A package, meanwhile, is what happens when you discover some piece of code you wrote is more generally applicable, to either yourself later or to others.

For your final projects, you will be making a package. By definition, you are thinking of topics that prompt the creation of a general set of tools such as a package. But I want to emphasize that even when you’re just, say, writing research code, you may write a general function that you want to keep easily accessible for use later. Both are valid reasons to create a package.

Example The implot() function we wrote a while back for quickly displaying astronomical images? That’s a super handy function! I actually use it myself in my research code now. But rather than copying and pasting the function each time (which is both time consuming and prone to “version control” nightmares), I simply “installed” it on my computer.

Finally: Well maintained, well documented, easy to use code that is hosted on GitHub is a hallmark green flag for anyone looking to hire a data scientist or computer scientist. Taking the bit of extra time to showcase your work in this manner is a great idea, and may even spawn new collaborations!

“In my opinion, the single-most important reason behind a code’s success in gaining wide-spread use is being easy and intuitive to use. This should be the main driver behind any decision regarding details of implementation, documentation, and installation of your code. Always put the user first” - Jo Bovy

Hint: This is exactly why emcee has over 5000 citations (a pretty ridiculous number in astronomy).

Package Design (abstract)

Here are a few things to consider when making code a package for others to install and use:

  • Limit dependencies as much as possible, ideally to just widespread ones like numpy. If you only use one function from a specialized library, can you just implement that one thing yourself?

  • Try to make any weird dependancies optional if at all possible, having try: except blocks to handle whether the user has them or not

  • Try to make installation as easy as pip install packagname or git clone package_address; cd packagename; pip install ..

  • Have good documentation; have a readthedocs site if possible

  • Keep a changelog somewhere public, especially for any major changes to the code’s structure or use

  • In the docs, report which versions of python and numpy etc. your code has been most recently tested on (and try to keep it updated to the latest few versions)

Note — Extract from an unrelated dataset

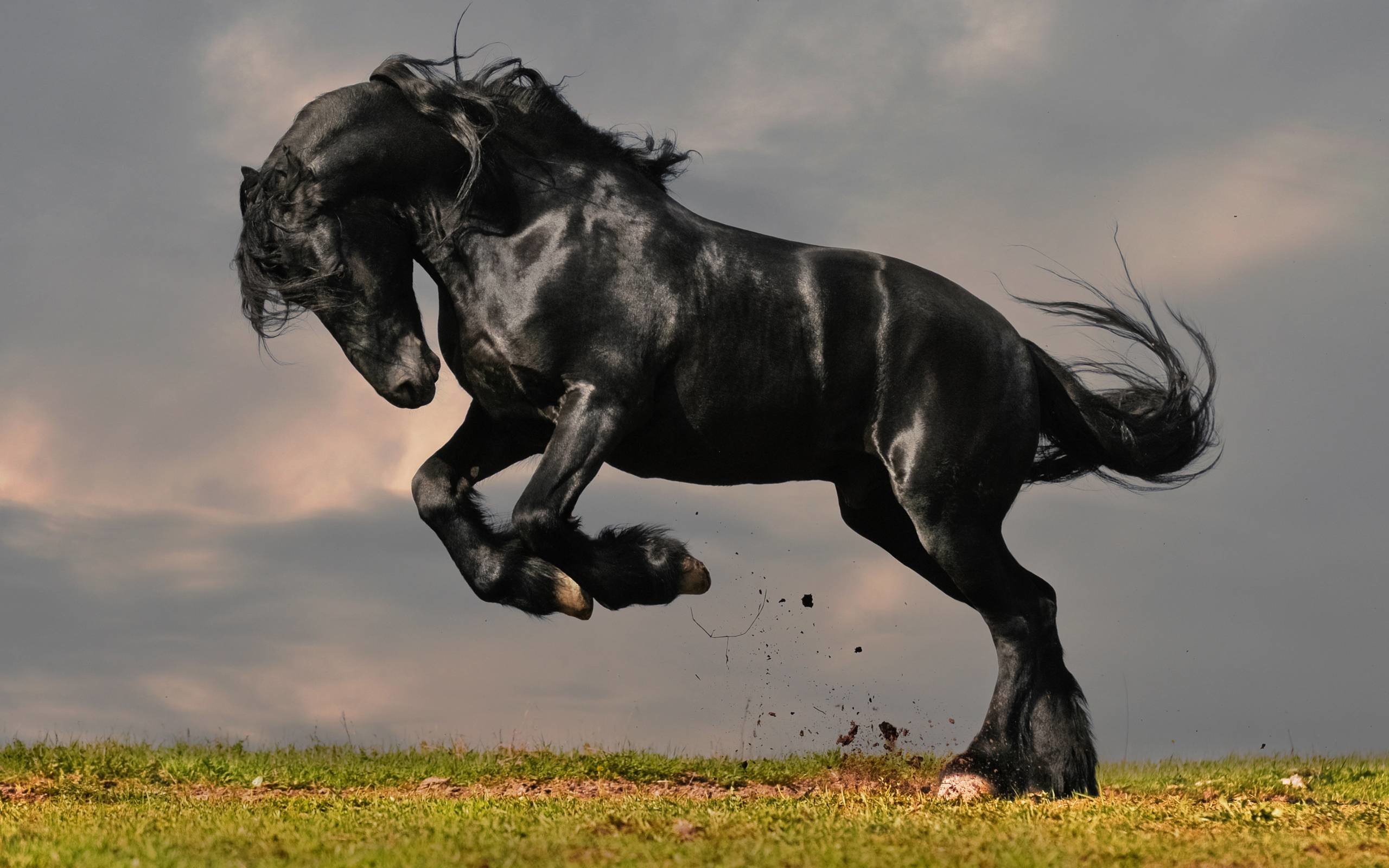 Black Horse HD Wallpapers | Download Black Horse Images | Cool .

  • If possible (this is fancy), have a test suite that runs continuously when changes are pushed to your codebase, to check nothing breaks.

Structure of a Package

It’s time for the nitty gritty. How do we actually go about making a package? Beyond basic python code, a package has three key components

  • Structure (handled via folders and files within folders)

  • __init__.py files which define the import behavior

  • a setup.py file which tells standard install libraries how to install the package on a computer.

During this lecture, we’re going to create a package together. This package is going to be a place for you all to keep handy functions/classes you write over time so you can easily get to them.

I have one of these, I call mine myutils. For example, in any python script/terminal, I can say from myutils.plotting import implot to import that nice image plotter we wrote earilier this semester.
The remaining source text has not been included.